**Exercise objective**
Using the records that follow, reproduce exactly the lines starting at the line containing "A strategic problemsolver" and ending at the line containing "Sauna termometresi limon". Include both end lines and no pictures.

**Records**
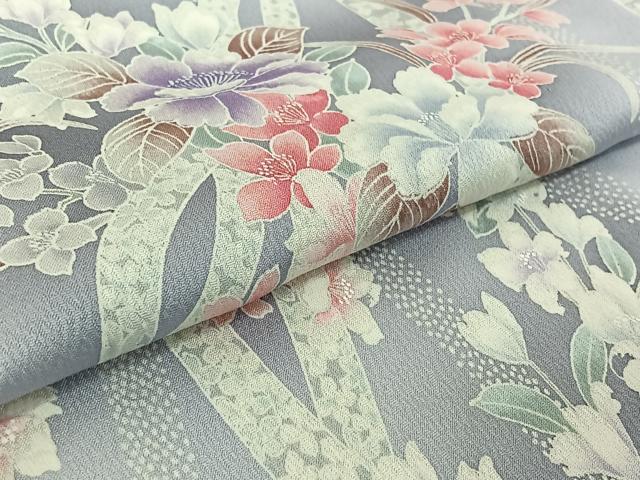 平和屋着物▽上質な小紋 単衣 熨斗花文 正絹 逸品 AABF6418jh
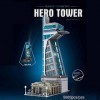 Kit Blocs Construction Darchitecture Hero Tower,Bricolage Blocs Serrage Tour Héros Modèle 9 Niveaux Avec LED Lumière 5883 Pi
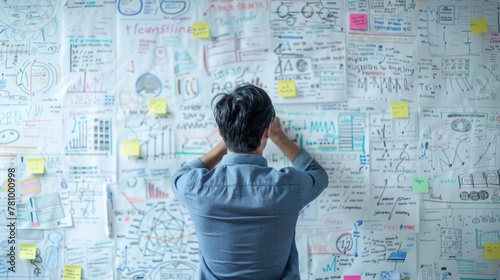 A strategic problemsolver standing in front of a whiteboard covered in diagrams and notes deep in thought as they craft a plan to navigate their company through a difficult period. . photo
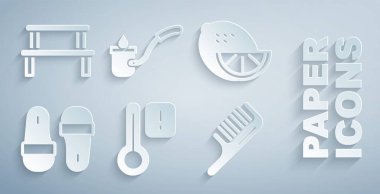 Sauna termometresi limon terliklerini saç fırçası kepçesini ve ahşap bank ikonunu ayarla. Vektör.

==

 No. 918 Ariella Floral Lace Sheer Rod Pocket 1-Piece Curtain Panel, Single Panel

--

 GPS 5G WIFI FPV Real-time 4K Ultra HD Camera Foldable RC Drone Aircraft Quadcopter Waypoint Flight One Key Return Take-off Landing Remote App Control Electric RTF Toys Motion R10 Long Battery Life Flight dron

**Result**
 A strategic problemsolver standing in front of a whiteboard covered in diagrams and notes deep in thought as they craft a plan to navigate their company through a difficult period. . photo
 Sauna termometresi limon terliklerini saç fırçası kepçesini ve ahşap bank ikonunu ayarla. Vektör.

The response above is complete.